Crawled caption data:
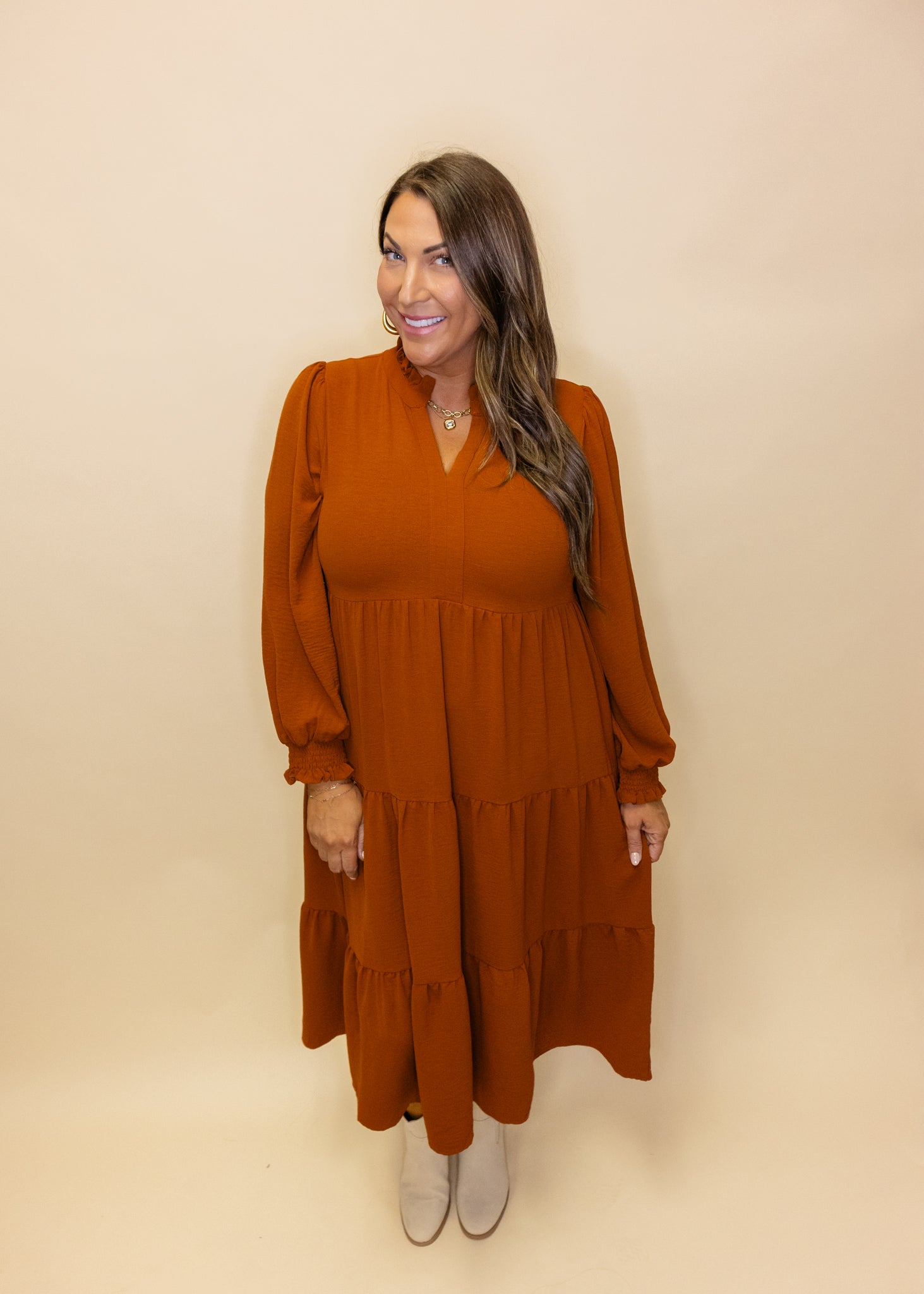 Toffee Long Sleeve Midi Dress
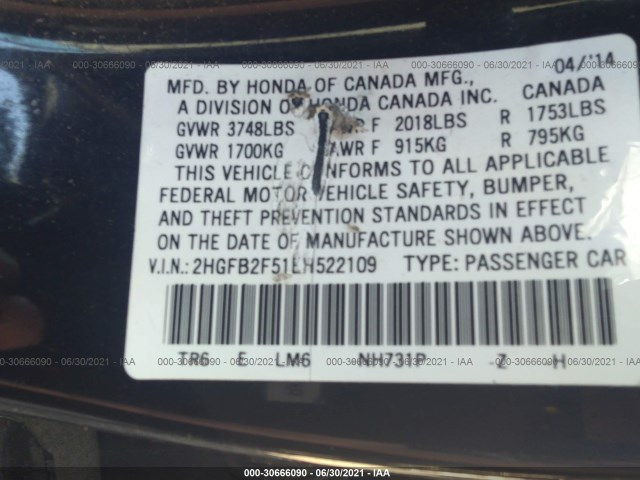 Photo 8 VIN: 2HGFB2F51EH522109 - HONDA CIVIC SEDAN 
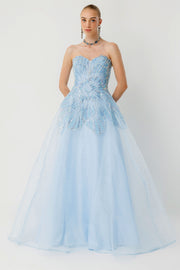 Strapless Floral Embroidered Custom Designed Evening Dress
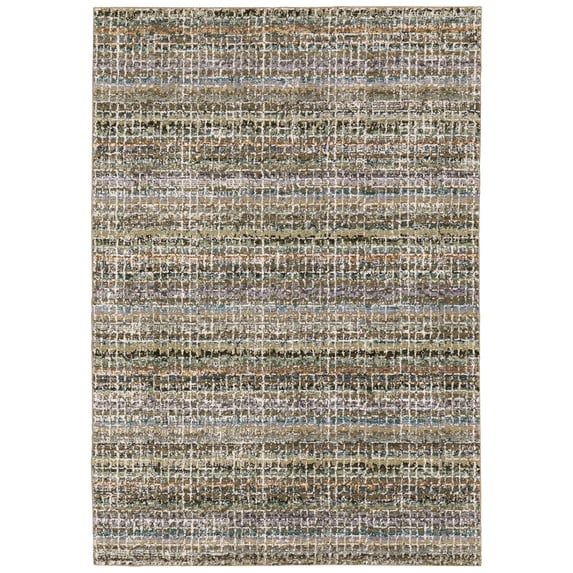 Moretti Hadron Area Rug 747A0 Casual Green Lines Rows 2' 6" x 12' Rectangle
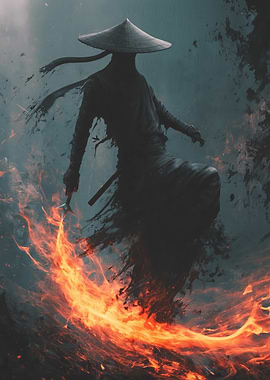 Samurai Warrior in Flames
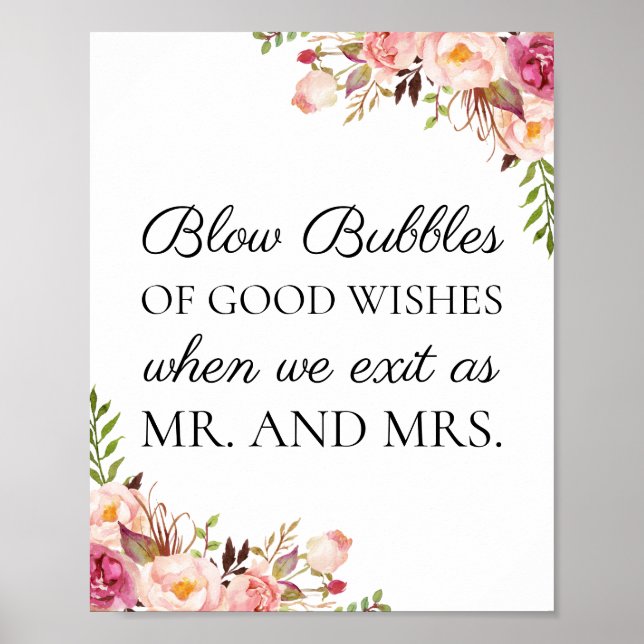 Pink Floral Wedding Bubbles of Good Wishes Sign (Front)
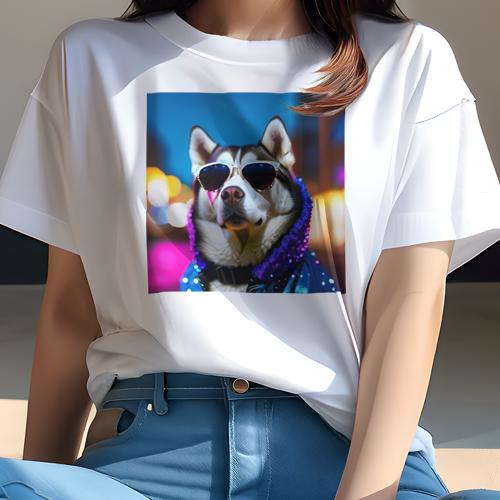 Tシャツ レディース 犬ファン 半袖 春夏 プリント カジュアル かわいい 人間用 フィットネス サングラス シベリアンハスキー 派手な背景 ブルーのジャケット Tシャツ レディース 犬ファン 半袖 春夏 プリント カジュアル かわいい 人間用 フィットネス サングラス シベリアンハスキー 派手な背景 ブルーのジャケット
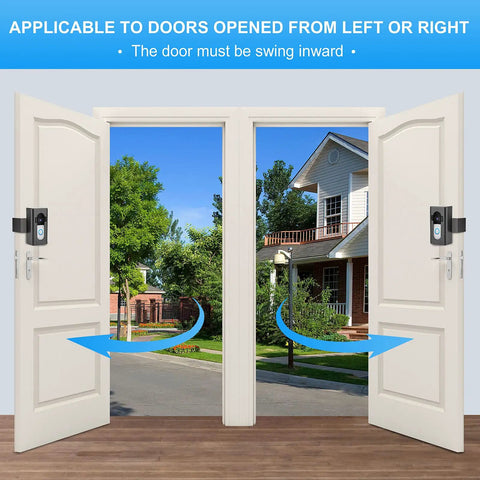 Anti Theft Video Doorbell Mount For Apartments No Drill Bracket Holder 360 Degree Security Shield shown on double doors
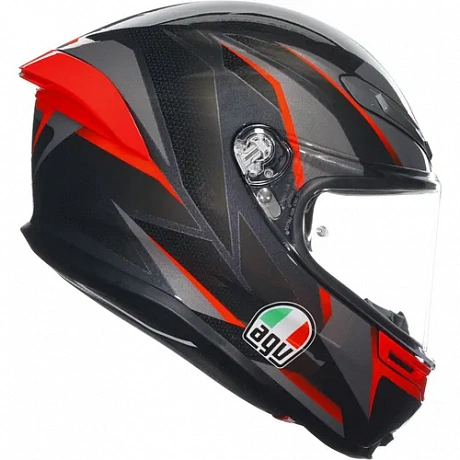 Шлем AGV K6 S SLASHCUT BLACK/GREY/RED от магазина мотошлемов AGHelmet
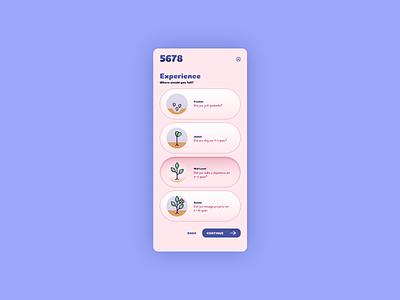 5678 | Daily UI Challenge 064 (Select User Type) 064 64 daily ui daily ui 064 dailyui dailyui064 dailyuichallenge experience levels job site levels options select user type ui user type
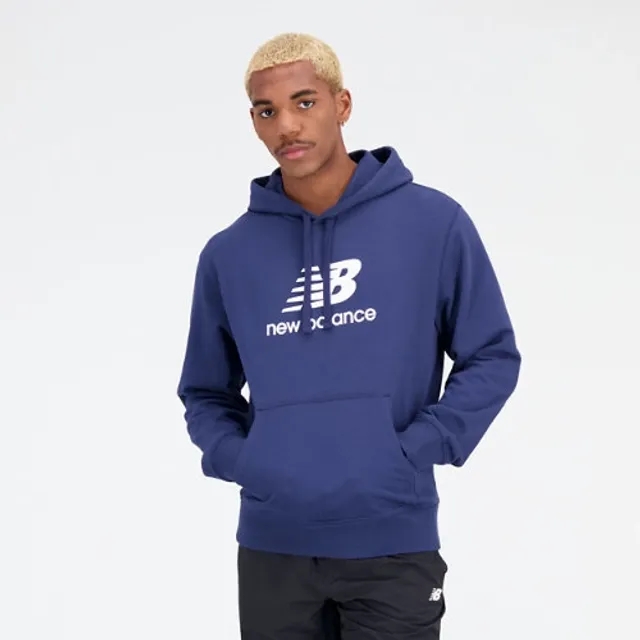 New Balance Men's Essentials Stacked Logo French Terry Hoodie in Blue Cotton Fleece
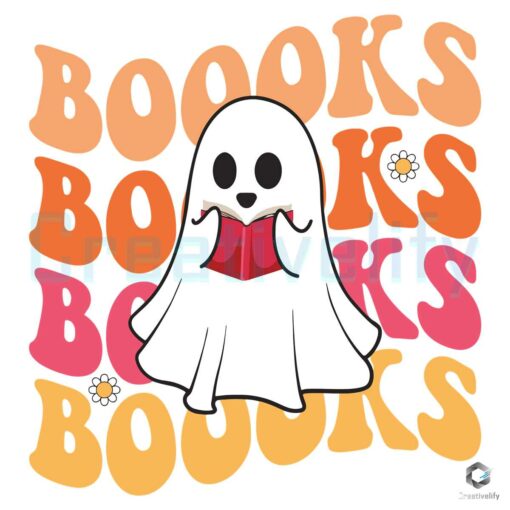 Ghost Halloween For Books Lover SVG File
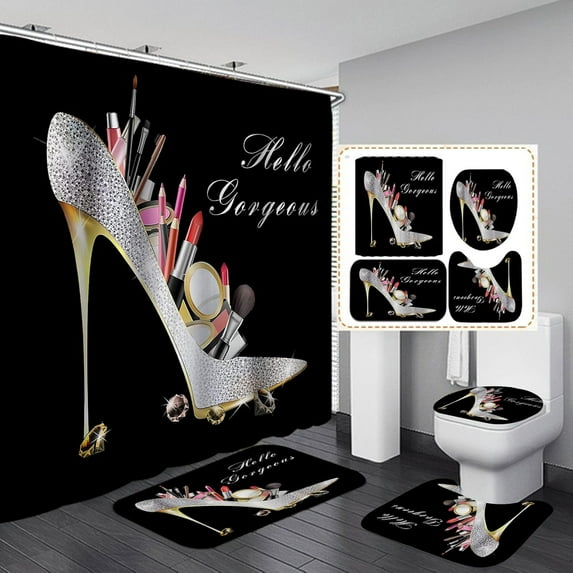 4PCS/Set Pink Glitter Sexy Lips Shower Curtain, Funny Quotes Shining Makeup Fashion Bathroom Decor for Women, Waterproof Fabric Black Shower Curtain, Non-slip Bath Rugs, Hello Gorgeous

WORK TO BE COMPLETED:
Give again, exactly, the lines starting at the first entry above and ending at the line with "派手な背景 ブルーのジャケット Tシャツ"; please leave pictures out.

TASK ANSWER:
 Toffee Long Sleeve Midi Dress
 Photo 8 VIN: 2HGFB2F51EH522109 - HONDA CIVIC SEDAN 
 Strapless Floral Embroidered Custom Designed Evening Dress
 Moretti Hadron Area Rug 747A0 Casual Green Lines Rows 2' 6" x 12' Rectangle
 Samurai Warrior in Flames
 Pink Floral Wedding Bubbles of Good Wishes Sign (Front)
 Tシャツ レディース 犬ファン 半袖 春夏 プリント カジュアル かわいい 人間用 フィットネス サングラス シベリアンハスキー 派手な背景 ブルーのジャケット Tシャツ レディース 犬ファン 半袖 春夏 プリント カジュアル かわいい 人間用 フィットネス サングラス シベリアンハスキー 派手な背景 ブルーのジャケット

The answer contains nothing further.